## Task details:
Copy the entries exactly. Leave out any pictures.

Saved entries
○ ○ ○ ○
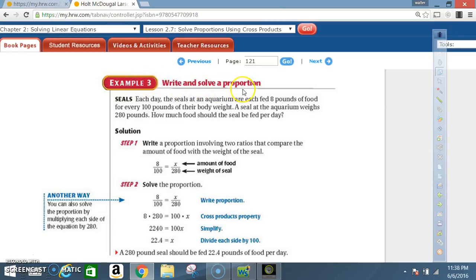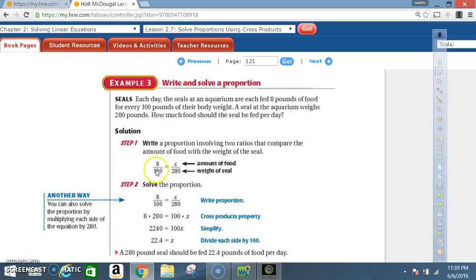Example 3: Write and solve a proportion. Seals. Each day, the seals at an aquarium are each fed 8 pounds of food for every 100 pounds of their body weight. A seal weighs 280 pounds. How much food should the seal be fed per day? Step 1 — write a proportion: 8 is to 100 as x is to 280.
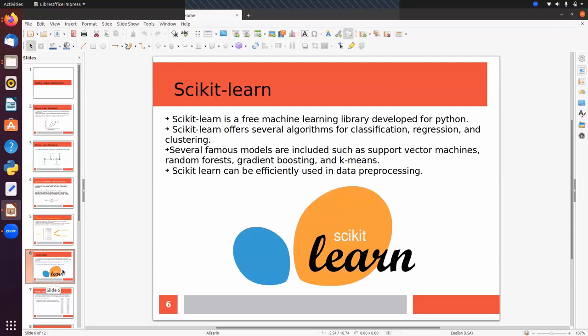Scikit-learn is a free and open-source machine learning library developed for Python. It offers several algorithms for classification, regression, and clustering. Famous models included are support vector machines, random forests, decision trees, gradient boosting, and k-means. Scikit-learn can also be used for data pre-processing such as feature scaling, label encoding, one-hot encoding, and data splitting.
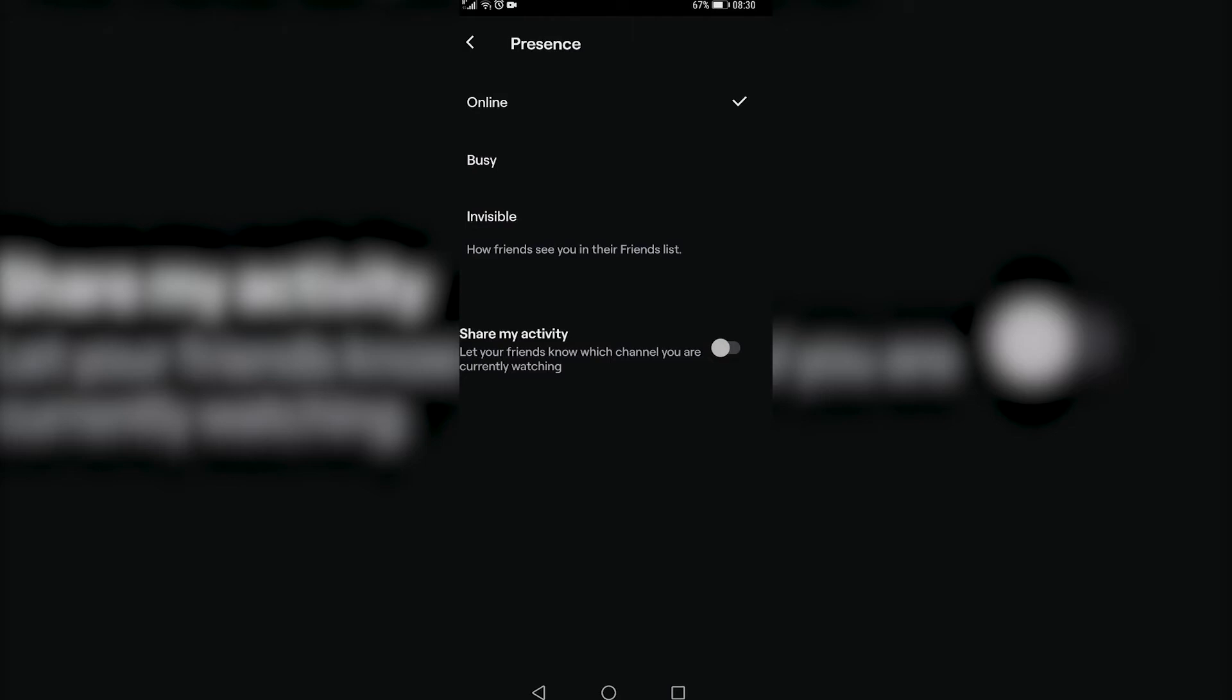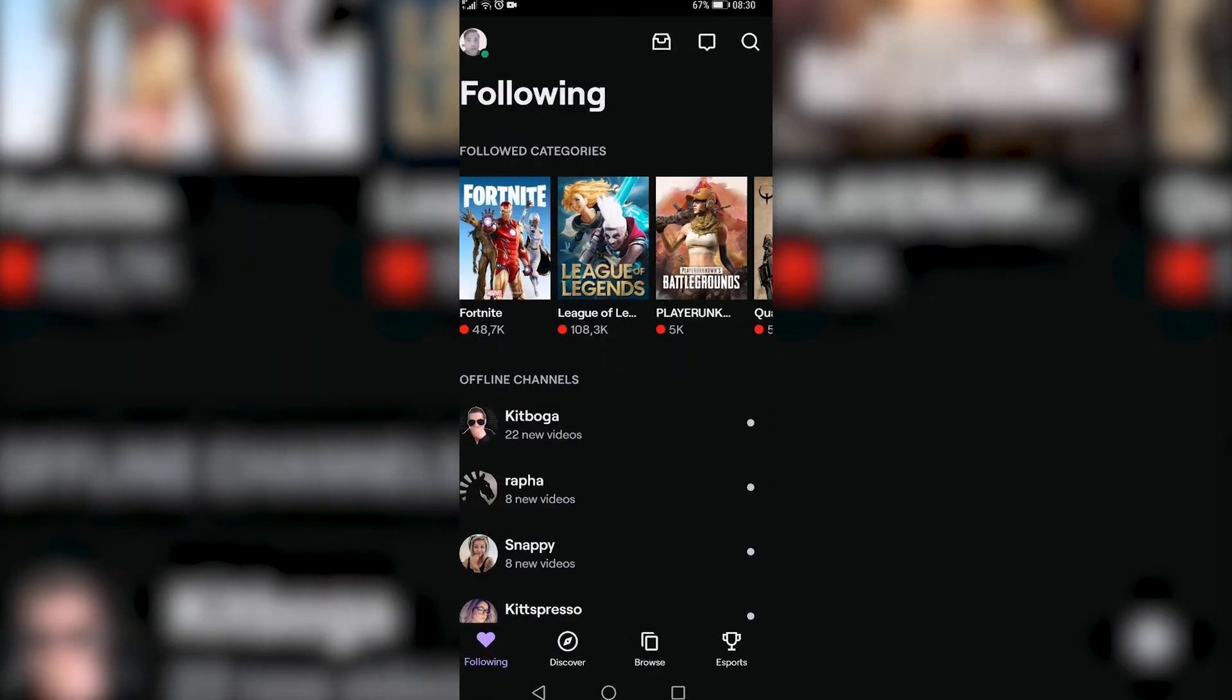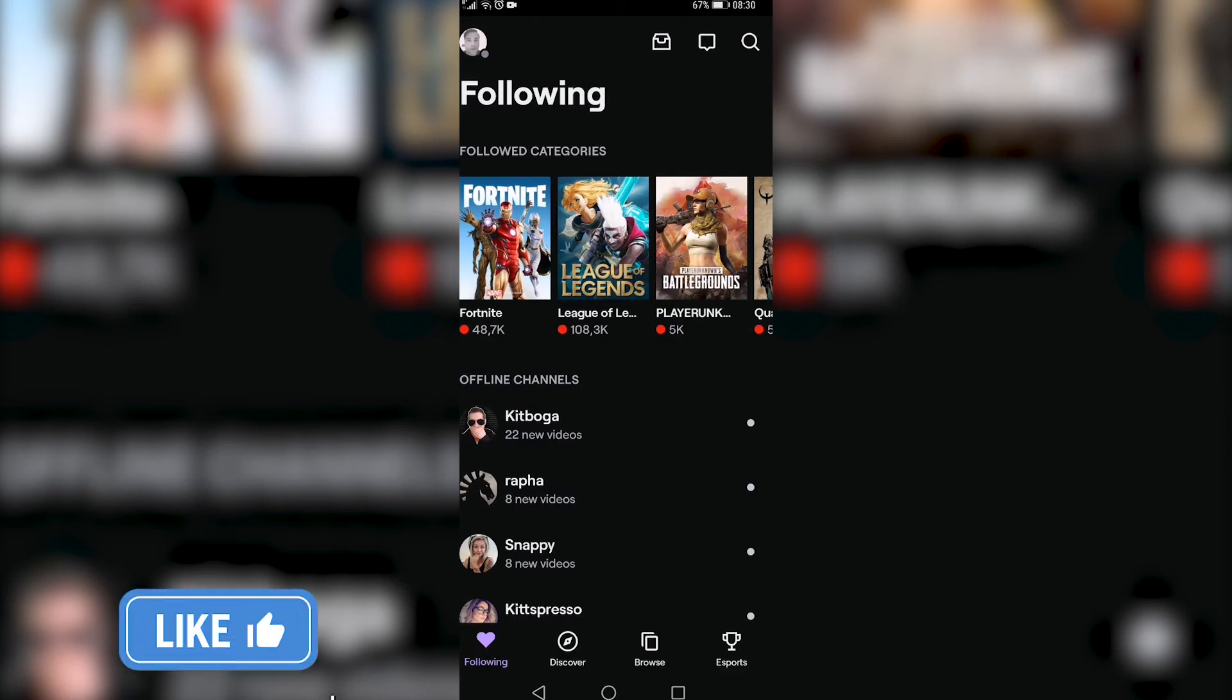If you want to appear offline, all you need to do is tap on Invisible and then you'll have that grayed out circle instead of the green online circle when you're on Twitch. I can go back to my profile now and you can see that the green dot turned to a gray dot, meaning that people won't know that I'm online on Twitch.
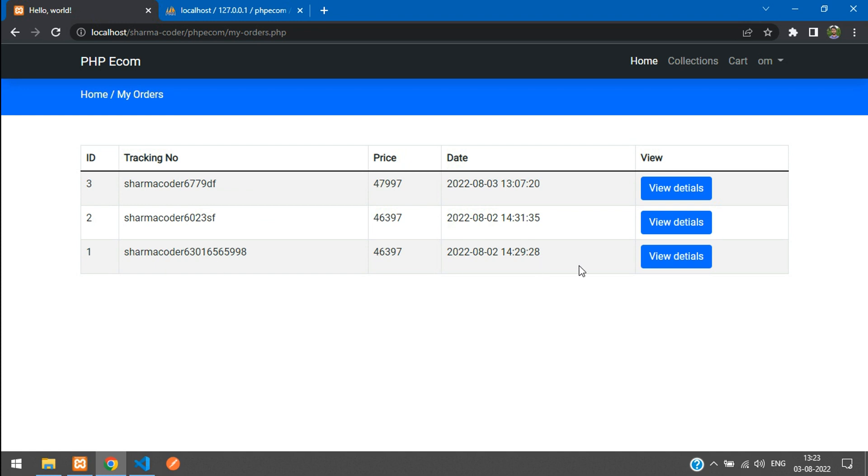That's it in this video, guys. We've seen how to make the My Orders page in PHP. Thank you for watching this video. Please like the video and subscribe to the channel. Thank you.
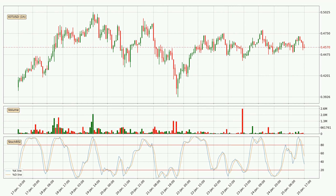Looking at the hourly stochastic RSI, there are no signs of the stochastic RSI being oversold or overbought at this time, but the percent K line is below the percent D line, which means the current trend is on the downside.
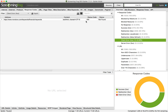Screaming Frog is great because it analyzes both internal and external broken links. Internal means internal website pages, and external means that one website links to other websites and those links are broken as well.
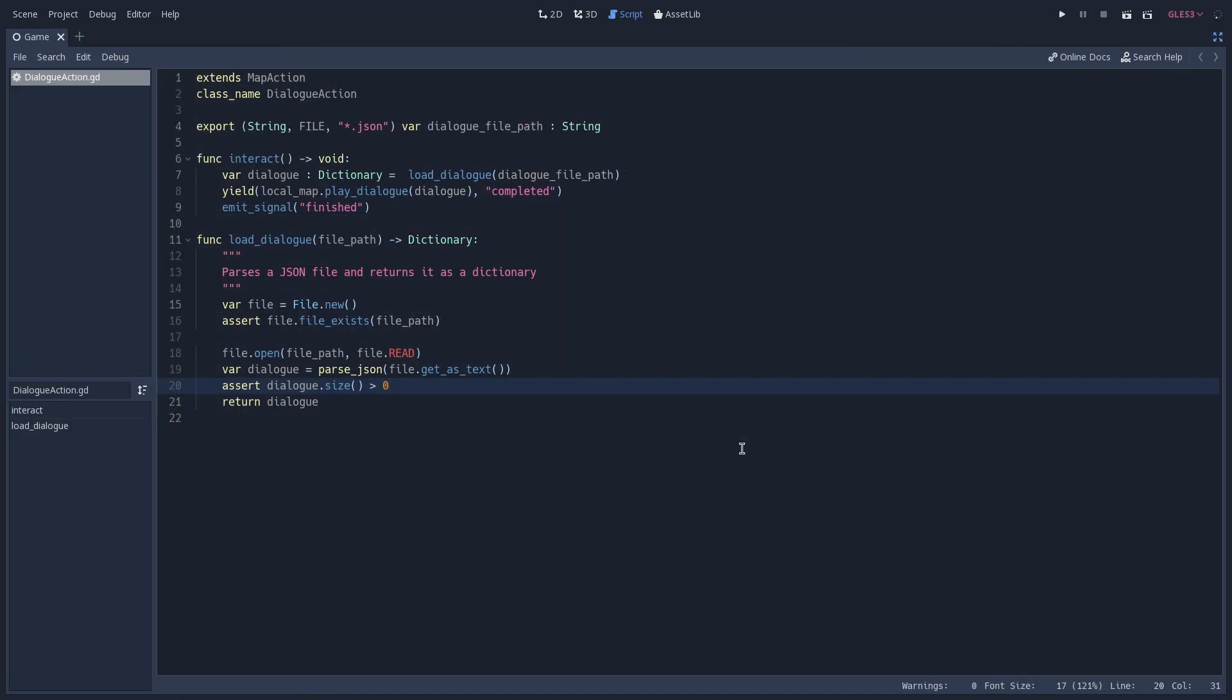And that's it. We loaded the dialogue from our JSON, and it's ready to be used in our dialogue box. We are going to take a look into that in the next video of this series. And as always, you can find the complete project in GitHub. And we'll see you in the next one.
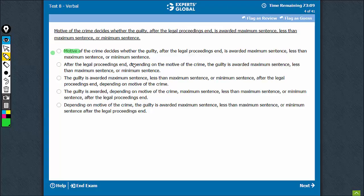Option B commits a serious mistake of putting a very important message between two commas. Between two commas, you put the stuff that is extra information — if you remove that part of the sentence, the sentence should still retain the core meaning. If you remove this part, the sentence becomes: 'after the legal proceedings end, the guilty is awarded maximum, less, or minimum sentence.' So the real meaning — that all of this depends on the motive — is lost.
○ ○ ○ ○
## Response to the exercise:
Example 3: Write and solve a proportion. Seals. Each day, the seals at an aquarium are each fed 8 pounds of food for every 100 pounds of their body weight. A seal weighs 280 pounds. How much food should the seal be fed per day? Step 1 — write a proportion: 8 is to 100 as x is to 280.
Scikit-learn is a free and open-source machine learning library developed for Python. It offers several algorithms for classification, regression, and clustering. Famous models included are support vector machines, random forests, decision trees, gradient boosting, and k-means. Scikit-learn can also be used for data pre-processing such as feature scaling, label encoding, one-hot encoding, and data splitting.
If you want to appear offline, all you need to do is tap on Invisible and then you'll have that grayed out circle instead of the green online circle when you're on Twitch. I can go back to my profile now and you can see that the green dot turned to a gray dot, meaning that people won't know that I'm online on Twitch.
That's it in this video, guys. We've seen how to make the My Orders page in PHP. Thank you for watching this video. Please like the video and subscribe to the channel. Thank you.
Looking at the hourly stochastic RSI, there are no signs of the stochastic RSI being oversold or overbought at this time, but the percent K line is below the percent D line, which means the current trend is on the downside.
Screaming Frog is great because it analyzes both internal and external broken links. Internal means internal website pages, and external means that one website links to other websites and those links are broken as well.
And that's it. We loaded the dialogue from our JSON, and it's ready to be used in our dialogue box. We are going to take a look into that in the next video of this series. And as always, you can find the complete project in GitHub. And we'll see you in the next one.
Option B commits a serious mistake of putting a very important message between two commas. Between two commas, you put the stuff that is extra information — if you remove that part of the sentence, the sentence should still retain the core meaning. If you remove this part, the sentence becomes: 'after the legal proceedings end, the guilty is awarded maximum, less, or minimum sentence.' So the real meaning — that all of this depends on the motive — is lost.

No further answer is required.